Your pain is deep right now. So I think that makes it even more courageous of you to go to the Beth Moore taping. To me, that says you haven't given up on God, but that you are greatly shaken.

I am praying for you.

October 13, 2006 11:25 AM  
Blogger Paulette said...

My Therapist has always said it gets worse before it gets better and she is right. You just have to trust God Stephanie, and you have to trust the words of the ones God sends into your life to support you.
Shayne could not have put it any better. What she said is exactly what you are going through. Everything in you is so stirred up right now but that is how it is supposed to be. Now you just have to know what to do with all the pain without letting it harm you.
When things get this tough Stephanie Just tell God to take it. He will and dont take it back, move to the next stage.
I know where you are and what your struggling with, it is tough, but God is bigger and he hasn't gone anywhere, trust me.
Love you and am praying for you. If you wanna do dinner let me know.
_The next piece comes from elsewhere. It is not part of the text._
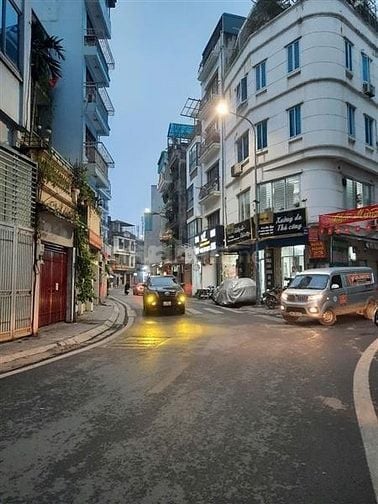 Bán nhà mặt phố Đốc Ngữ, kinh doanh dòng tiền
October 13, 2006 11:47 AM  
Anonymous Anonymous said...

Have you ever stopped to think that it's actually Satan knocking the sh*t out of you and not God?
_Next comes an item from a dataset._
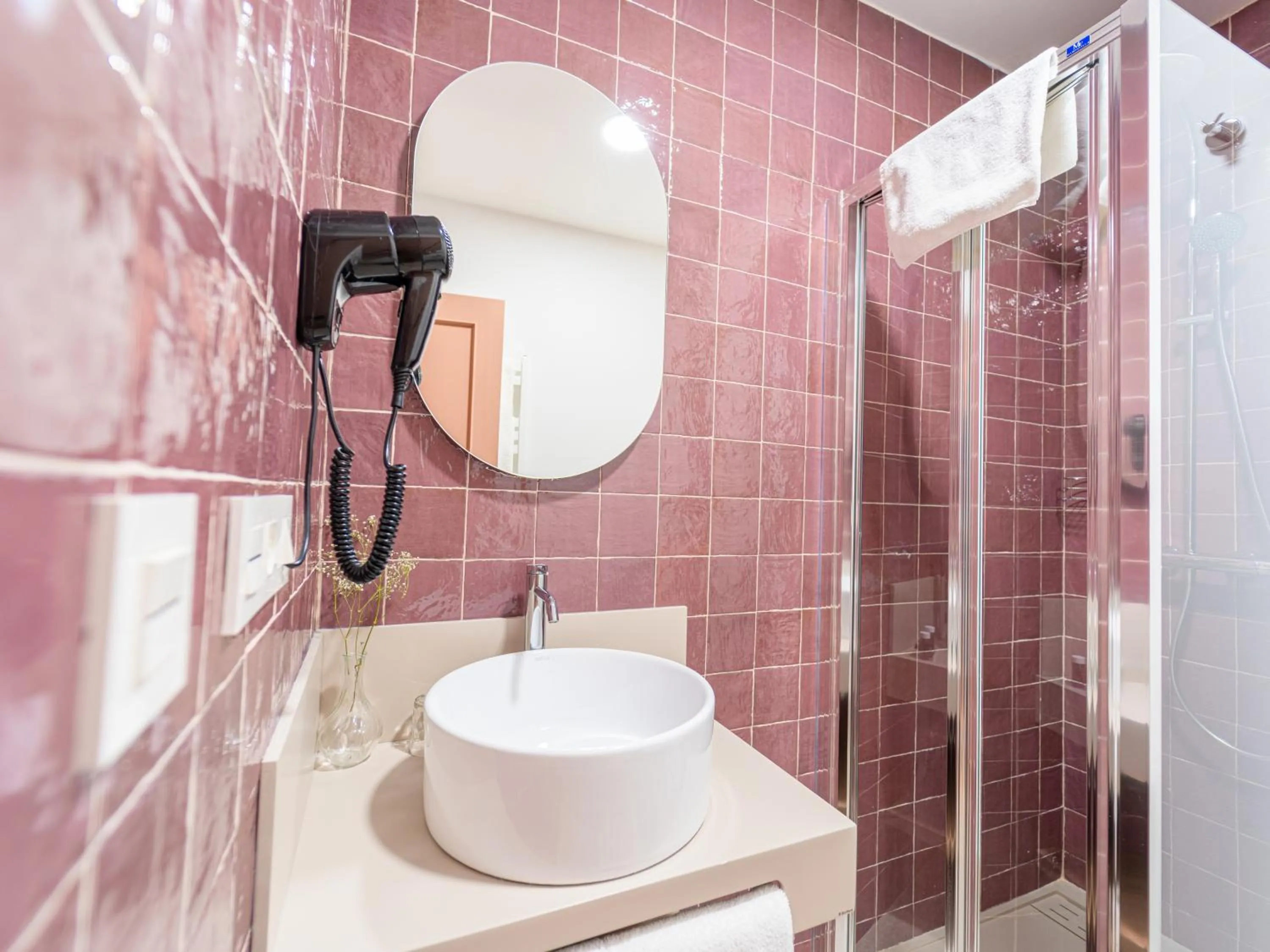 Shower in U-Sense Granada Centro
October 13, 2006 3:28 PM  
Blogger Laura said...

Stephanie,

As I read what Shayne wrote, all I could think was that is it exactly. Rest. Rest in him. Don't think too much. Just lay your head on His shoulder and tell Him (God) what you are feeling and then ALLOW Him to heal your heart. He can. I PROMISE! I have been there in the midst of a lot of people's pain and watched God transform their lives when they finally let him. I struggled with them...I couldn't do it for them, even though I wanted to because I hated to watch them hurting so badly...and I watch the sweet release when they finally were honest with God and themselves and experienced healing.
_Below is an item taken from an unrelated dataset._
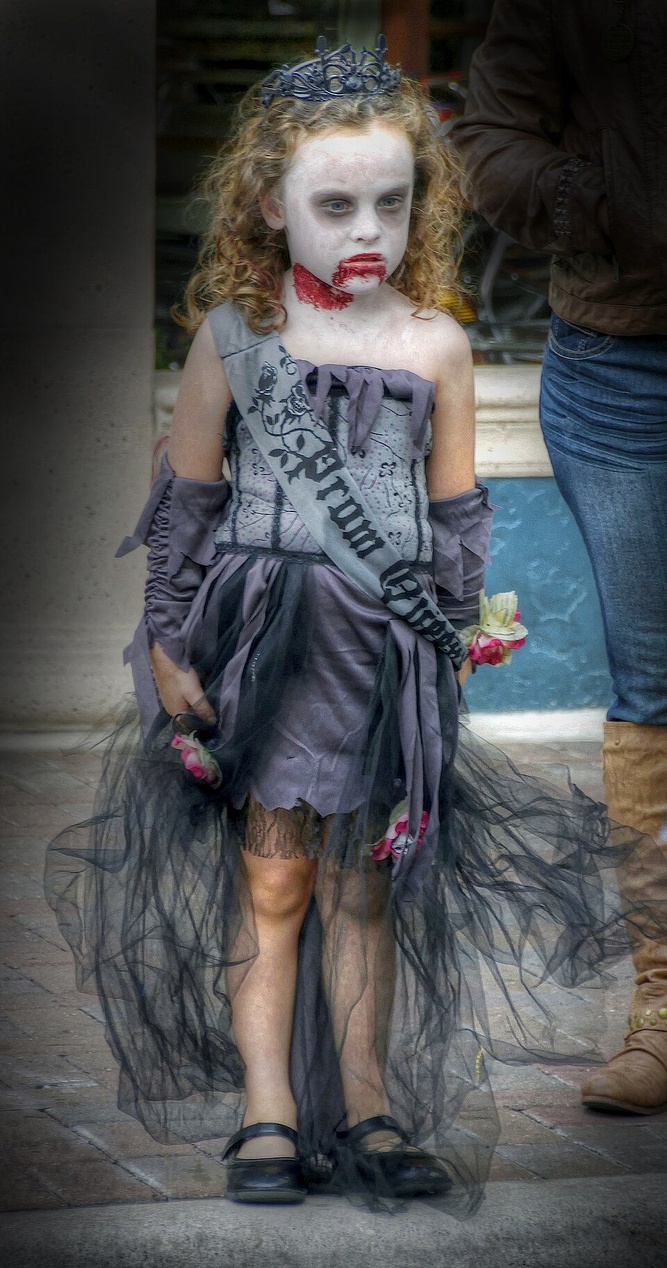 En liten klick ansiktsfärg testas på insidan av en arm för att upptäcka allergier.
He will NEVER leave you or forsake you...YOU HAVE TO TRUST HIM! It's the only way.

I am praying for you!

October 14, 2006 8:36 AM  
Anonymous Anonymous said...

Stephanie,
It's Robin.I ditto what has been posted. Paulette,I think she has enough Love & strength to lift & support you. Many of us may even been to that place of giving up.I was 5 years ago,I was desperate for God to make himself real ,living in Hell as a Christian. To make a long but awesome story short, he did. He knocked me right off my horse. I had an encounter with the True and living God, and that is what you need. Your own personal Revelation. An eye opening experience, where doubt will never shake you again. In one of your post, you were talking to an old friend & she led you thru a memory and brought Jesus into it. This should be done again & often.
What Shayne said was so right on! You want the splinter out, it gets partly removed, pain occurs & you back off. So what’s worst, what your living now, or the removing of the pain.
Who do you think Christ came for and died for, the successful, debt-free, trouble & worry free, healthy. Those who have nothing to be guilty or shameful about. Is that was his Word says. You know the bible you quote it all the time. You also know what you say about yourself. Here are those that Christ came for, plain, simple, no mincing words: Amplified Bible (AMP)
Isaiah 61, LK:4:18-21
1THE SPIRIT of the Lord God is upon me, because the Lord has anointed and qualified me to preach the Gospel of good tidings to the meek, the poor, and afflicted; He has sent me to bind up and heal the brokenhearted, to proclaim liberty to the [physical and spiritual] captives and the opening of the prison and of the eyes to those who are bound,(A)
Sounds like he came for you and me, no doubt in that scripture. So get disparate and not despondent, cry out to him for YOUR Revelation.
Do you know what happens when you cry out from the depths of a canyon ( a walled in wilderness ) what’s released is echoed. A natural multiplication of your single effort.

October 14, 2006 9:46 PM  
Blogger LiteratureLover said...

P.S. Good video. How are you holding up?